A platform algorithm is a complex system of rules and machine learning models that social networks use to decide which content appears in users' feeds, search results, and recommendations. Rather than showing posts chronologically, algorithms prioritise content based on predicted user engagement, relevance, and platform objectives.
Each major platform – Meta (Facebook and Instagram), TikTok, LinkedIn, X (Twitter), and YouTube – operates its own proprietary algorithm. These systems analyse hundreds of signals including user behaviour, content type, posting time, engagement history, and network relationships to rank and distribute content.
Why Algorithms Matter for UK Marketing Professionals
Algorithms fundamentally shape content visibility. A post reaching 5% of your followers without algorithmic promotion means 95% see nothing – unless paid promotion boosts reach. This shift from chronological feeds (pre-2016) to algorithmic feeds means organic reach requires strategic content creation aligned with how each platform's algorithm works.
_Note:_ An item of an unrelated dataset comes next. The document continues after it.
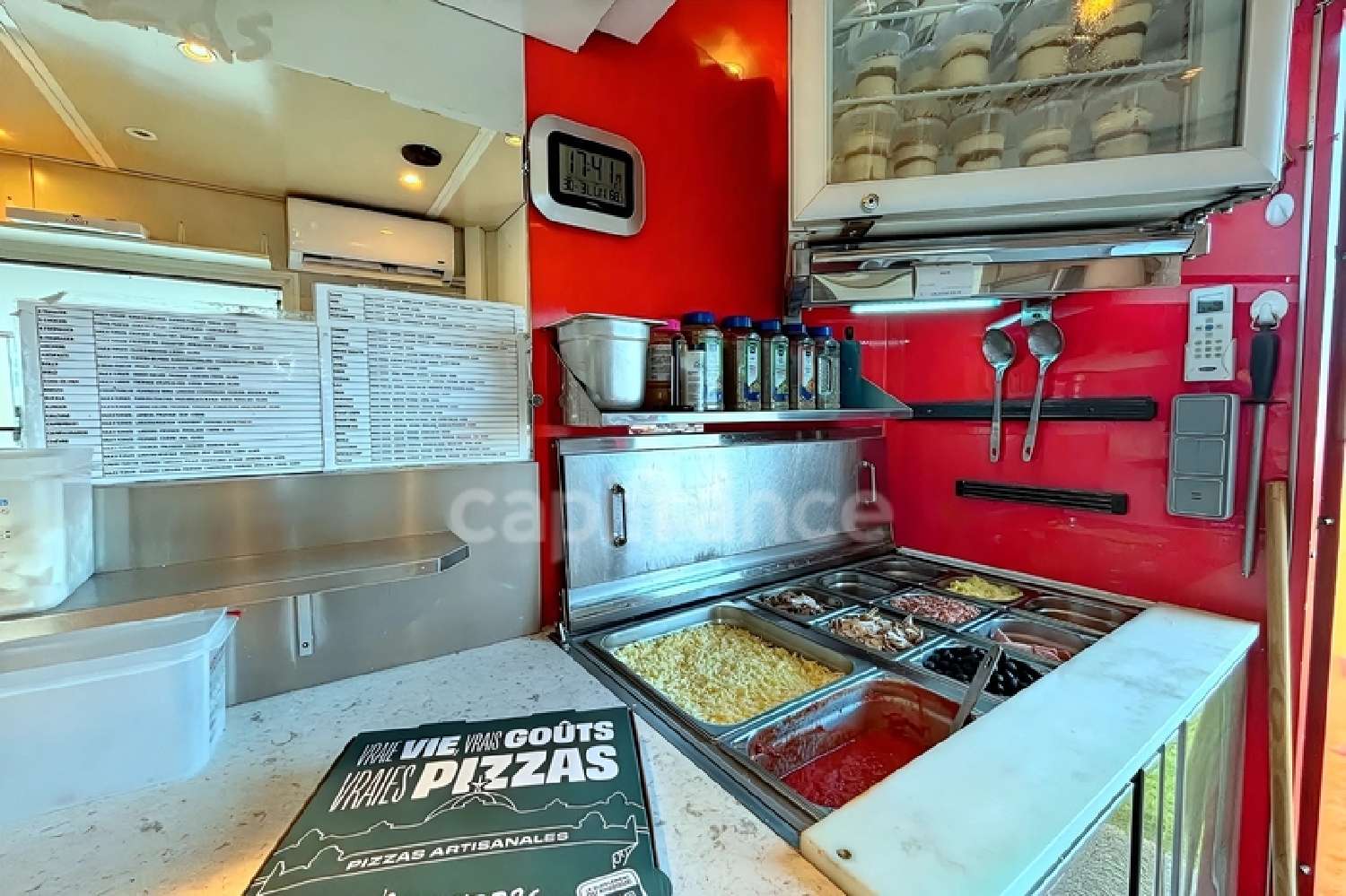  en venta casa Plomeur Finistère 4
Understanding algorithms is critical because:
- Organic reach is limited: Algorithms actively suppress some content while amplifying others
- Paid and organic intertwine: Algorithms learn from paid campaign performance to improve organic recommendations
- Platform priorities shift: What worked last quarter may underperform as algorithms evolve
- Content strategy must adapt: Engagement-bait content, video length, posting frequency, and format all affect algorithmic ranking
How Algorithms Work in Practice
Most modern algorithms use machine learning to predict which content specific users will engage with. They typically consider:
Engagement signals: Likes, comments, shares, and watch time indicate content quality to algorithms. Higher engagement content gets wider distribution.
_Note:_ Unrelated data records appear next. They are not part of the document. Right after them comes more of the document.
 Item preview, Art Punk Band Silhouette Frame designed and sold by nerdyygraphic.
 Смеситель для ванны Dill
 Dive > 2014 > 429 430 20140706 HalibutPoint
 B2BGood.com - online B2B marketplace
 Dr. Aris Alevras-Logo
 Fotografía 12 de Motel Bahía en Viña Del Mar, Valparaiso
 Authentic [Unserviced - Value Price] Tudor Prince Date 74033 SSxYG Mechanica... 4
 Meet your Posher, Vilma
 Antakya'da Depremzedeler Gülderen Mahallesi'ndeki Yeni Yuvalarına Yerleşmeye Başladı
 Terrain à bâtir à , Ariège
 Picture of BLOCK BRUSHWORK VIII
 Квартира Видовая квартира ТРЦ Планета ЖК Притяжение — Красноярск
Recency: Newer content generally receives priority, though older viral content can resurface.
Content type: TikTok's algorithm favours video; LinkedIn prioritises professional discussion and articles; YouTube rewards watch time and retention.
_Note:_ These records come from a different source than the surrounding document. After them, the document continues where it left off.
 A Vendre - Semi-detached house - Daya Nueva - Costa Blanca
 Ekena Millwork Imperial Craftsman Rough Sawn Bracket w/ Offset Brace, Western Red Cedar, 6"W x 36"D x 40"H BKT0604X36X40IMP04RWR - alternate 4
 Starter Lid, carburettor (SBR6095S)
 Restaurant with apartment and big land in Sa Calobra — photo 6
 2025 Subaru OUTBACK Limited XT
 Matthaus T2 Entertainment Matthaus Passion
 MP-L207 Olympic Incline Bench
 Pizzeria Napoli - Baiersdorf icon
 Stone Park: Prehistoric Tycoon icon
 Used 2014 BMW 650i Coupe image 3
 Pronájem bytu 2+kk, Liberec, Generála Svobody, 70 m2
User behaviour: Algorithms track what you follow, like, and watch to predict future interests.
Network effects: Content from accounts you frequently interact with gets prioritised.
Practical Implications for Campaigns
For UK agencies managing client accounts, algorithm awareness affects everything: posting times should match audience activity; content should encourage genuine engagement rather than vanity metrics; video often outperforms static images; and building community through comments and conversation signals quality to algorithms.
Algorithms also explain why Instagram reach has declined – Meta prioritises Reels (competing with TikTok) and paid promotion. Understanding this helps manage client expectations about organic performance.
Staying Current
Algorithms change frequently. Platform announcements (Meta's emphasis on 'meaningful interactions', TikTok's quality guidelines) signal algorithmic shifts. Testing, monitoring analytics, and adapting content strategy quarterly keeps campaigns aligned with current algorithmic priorities.